_Information_

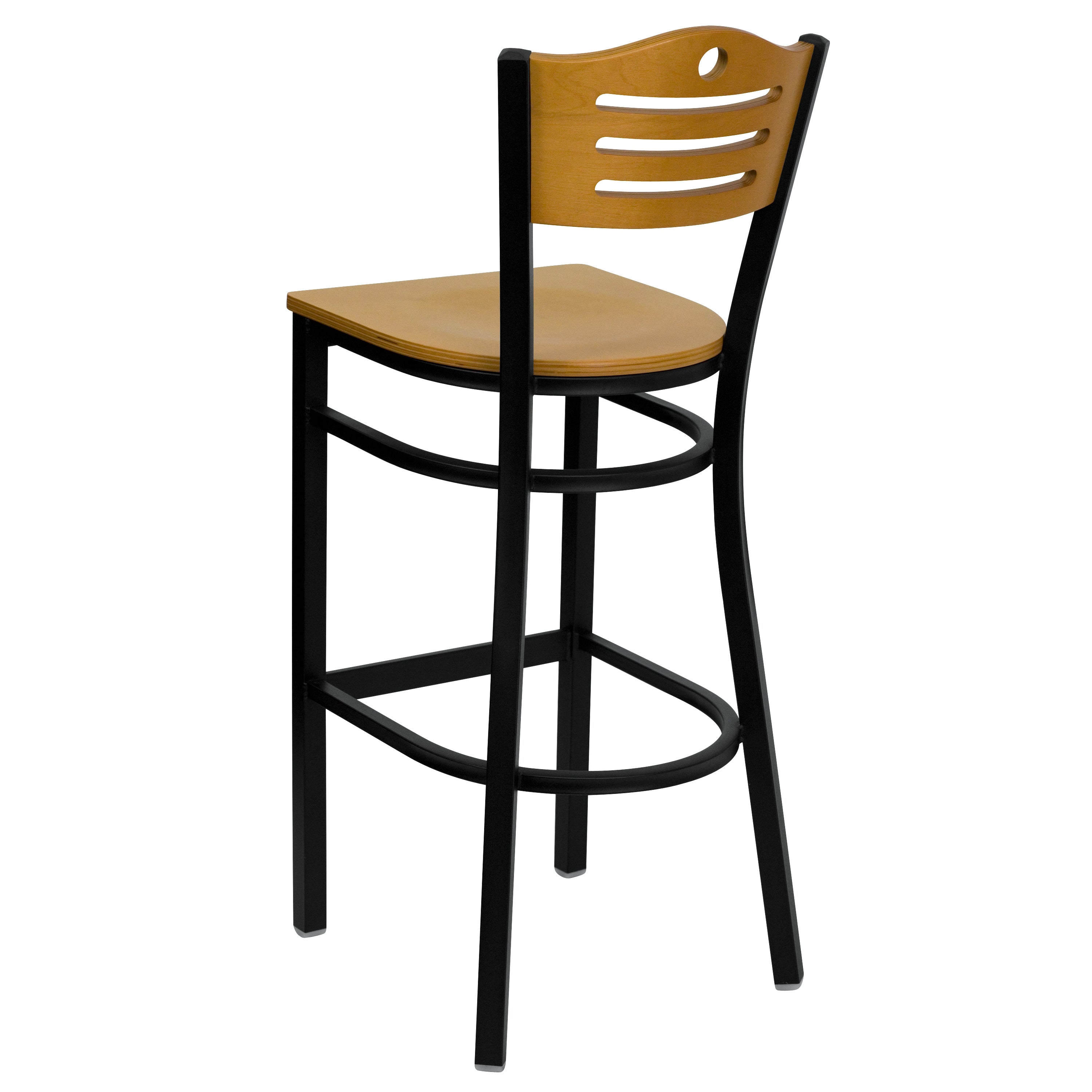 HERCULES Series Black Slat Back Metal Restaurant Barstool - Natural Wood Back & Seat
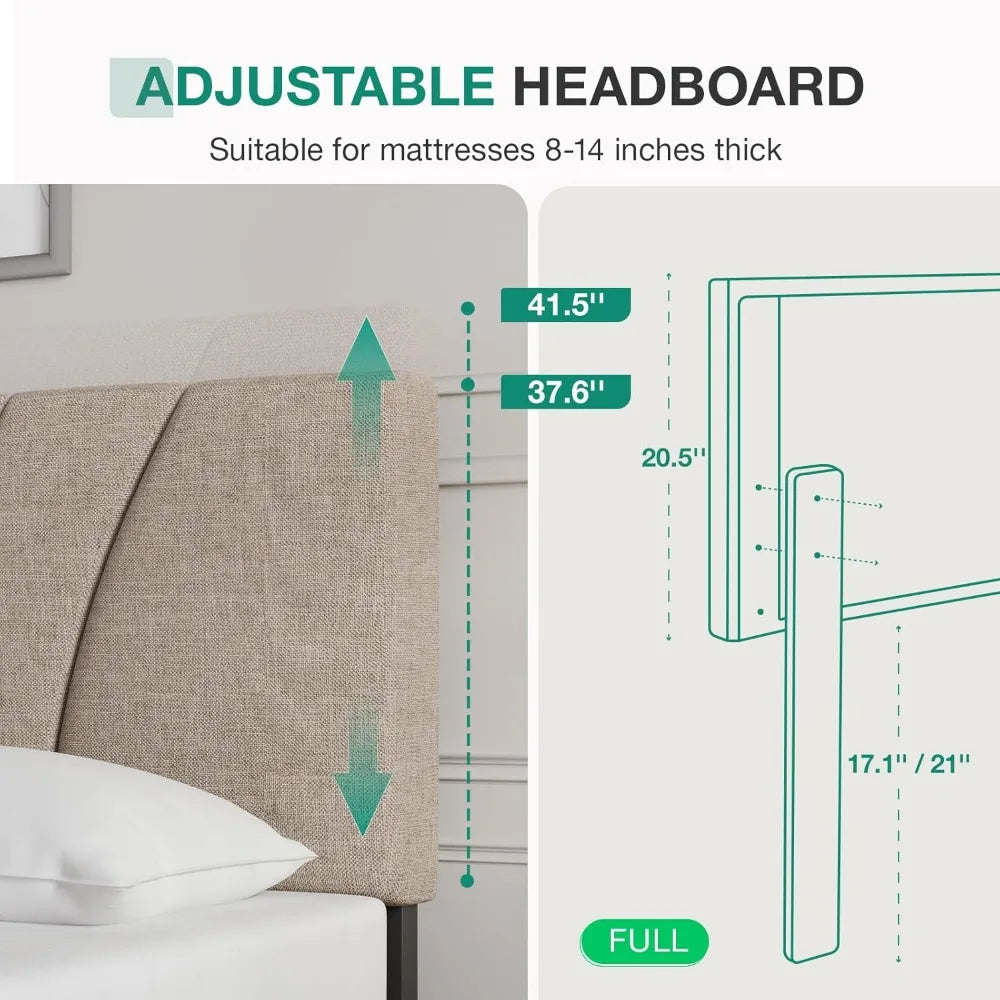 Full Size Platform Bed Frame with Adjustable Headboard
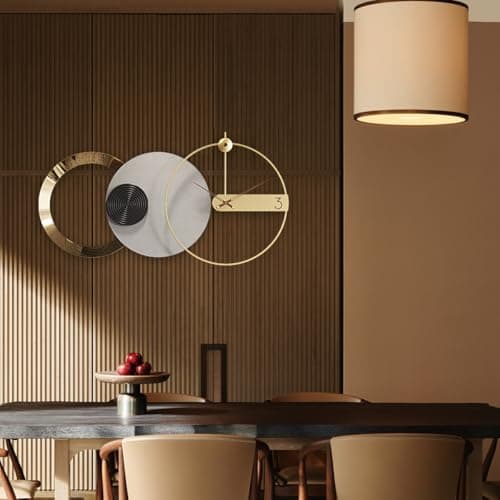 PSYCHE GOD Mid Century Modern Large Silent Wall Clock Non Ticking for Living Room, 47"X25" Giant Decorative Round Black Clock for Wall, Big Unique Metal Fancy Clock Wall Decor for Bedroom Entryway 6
* * *
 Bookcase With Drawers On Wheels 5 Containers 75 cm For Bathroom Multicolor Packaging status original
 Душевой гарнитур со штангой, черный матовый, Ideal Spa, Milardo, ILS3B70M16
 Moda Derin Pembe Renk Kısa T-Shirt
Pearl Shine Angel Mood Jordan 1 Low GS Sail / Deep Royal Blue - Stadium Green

_Your objective_
What to print is the stretch of entries from the line with "HERCULES Series Black" up to and including the line with "PSYCHE GOD Mid". Please print it exactly and leave out the pictures.

_Answer section_
 HERCULES Series Black Slat Back Metal Restaurant Barstool - Natural Wood Back & Seat
 Full Size Platform Bed Frame with Adjustable Headboard
 PSYCHE GOD Mid Century Modern Large Silent Wall Clock Non Ticking for Living Room, 47"X25" Giant Decorative Round Black Clock for Wall, Big Unique Metal Fancy Clock Wall Decor for Bedroom Entryway 6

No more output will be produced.